- [RECORDS FOR THIS EXERCISE]:
= Beginning of Section =
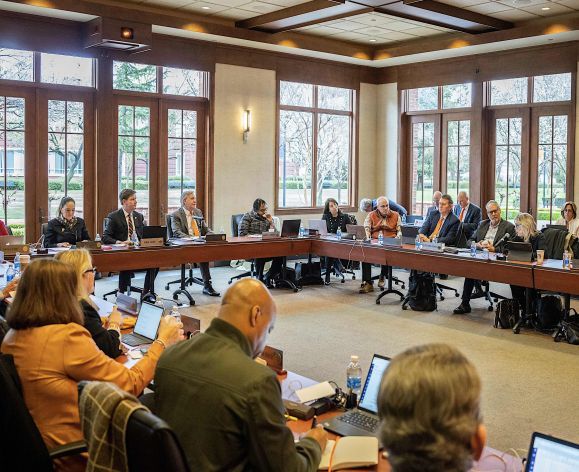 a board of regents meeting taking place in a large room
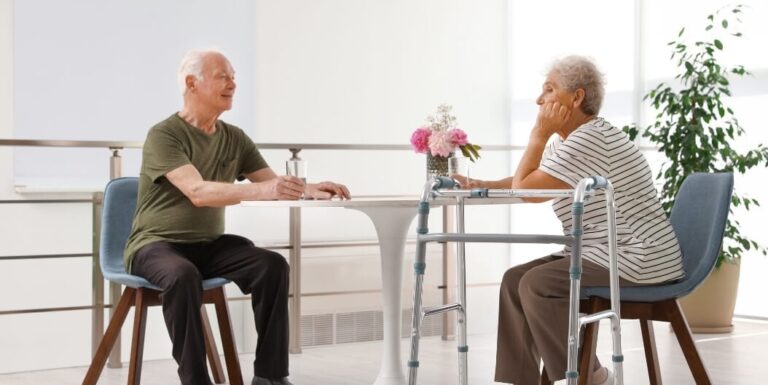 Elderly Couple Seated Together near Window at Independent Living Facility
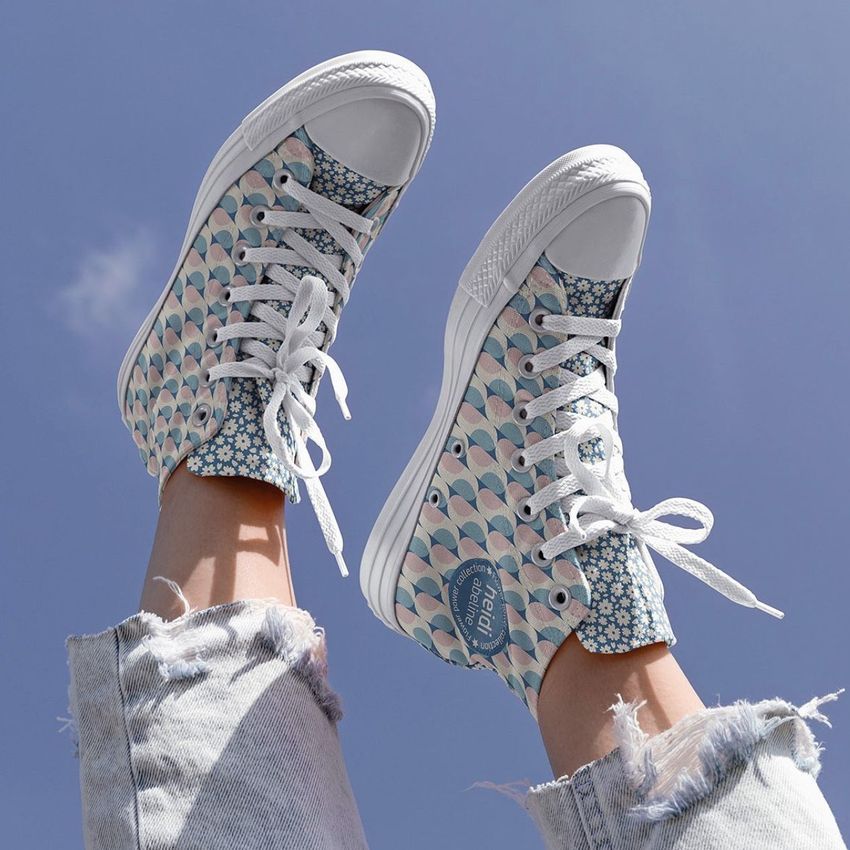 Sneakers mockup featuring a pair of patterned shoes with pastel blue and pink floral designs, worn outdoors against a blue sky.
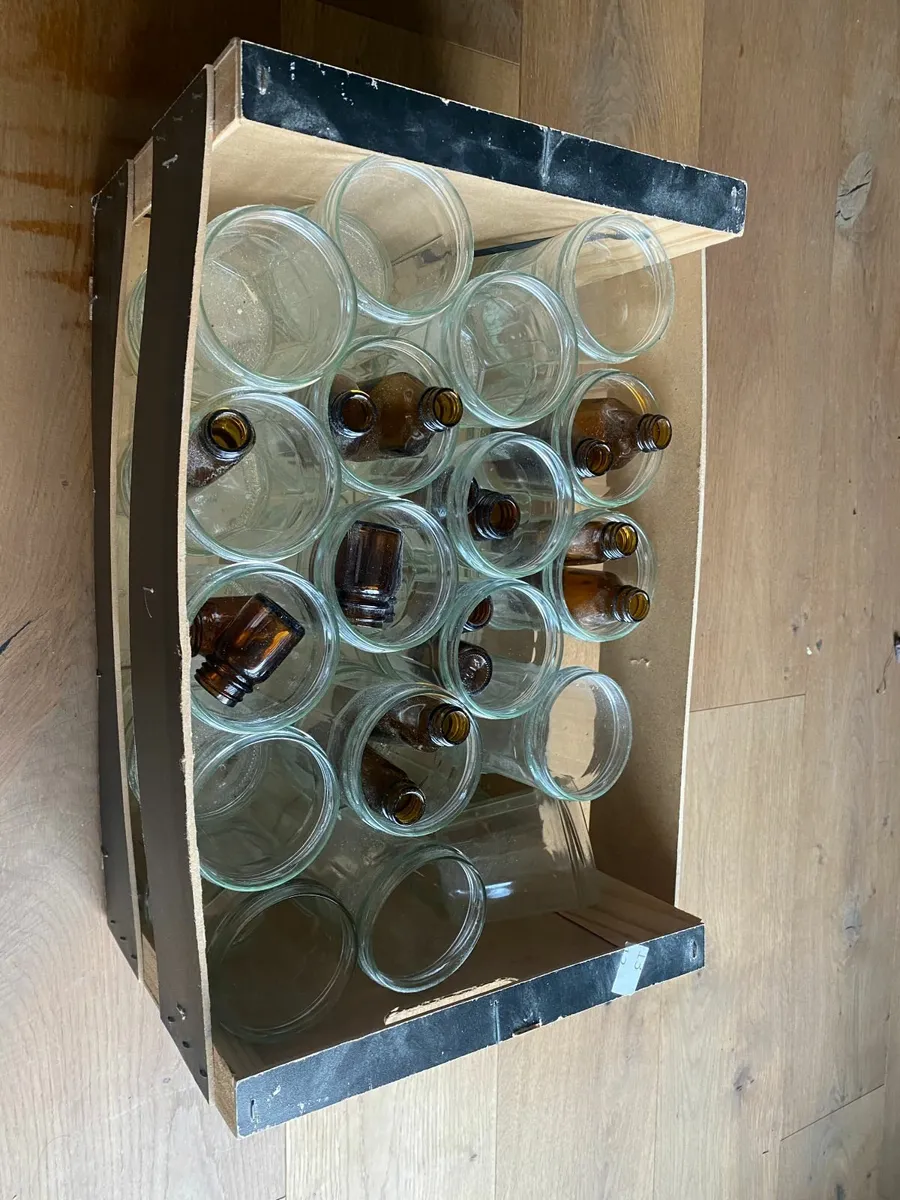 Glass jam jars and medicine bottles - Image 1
= End of Section =
= Beginning of Section =
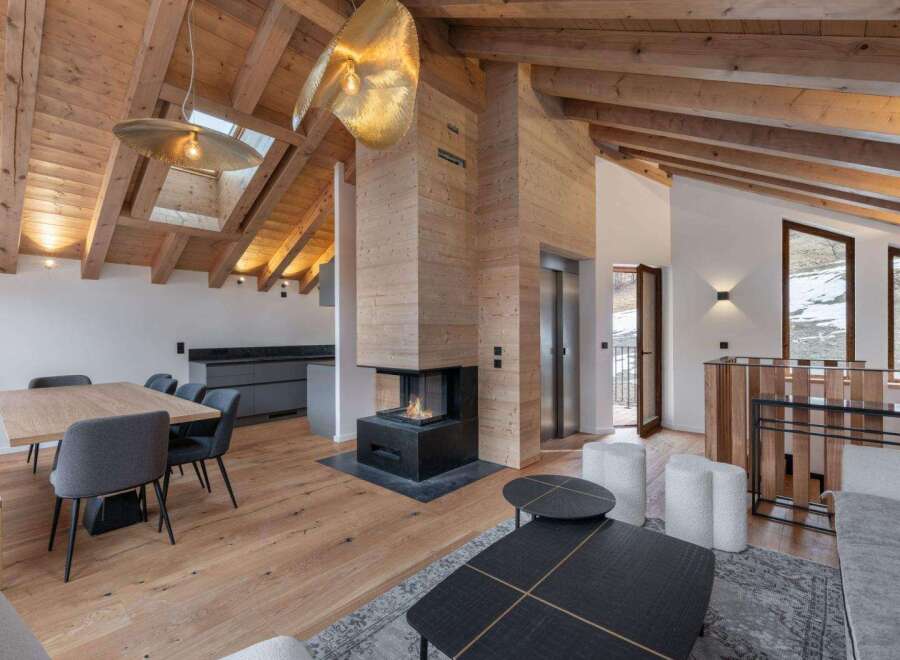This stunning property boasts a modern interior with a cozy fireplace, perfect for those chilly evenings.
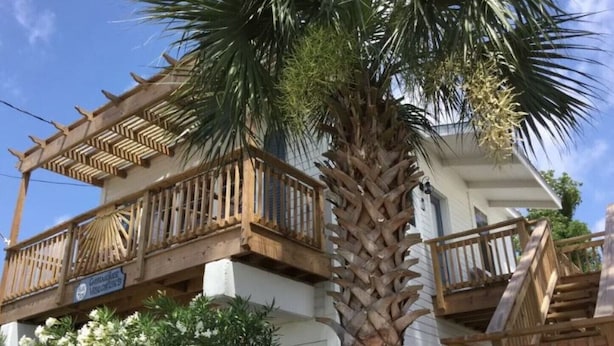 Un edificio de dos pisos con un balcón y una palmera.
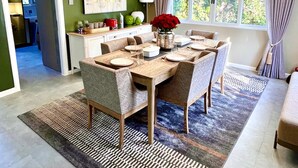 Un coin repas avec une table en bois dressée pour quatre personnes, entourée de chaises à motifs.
= End of Section =
- [EXERCISE DESCRIPTION]:
Repeat, without pictures, exactly the lines of the data above from the one containing "This stunning property" through the one containing "Un coin repas", including both and adding nothing.

- [RESULT OF THIS EXERCISE]:
This stunning property boasts a modern interior with a cozy fireplace, perfect for those chilly evenings.
 Un edificio de dos pisos con un balcón y una palmera.
 Un coin repas avec une table en bois dressée pour quatre personnes, entourée de chaises à motifs.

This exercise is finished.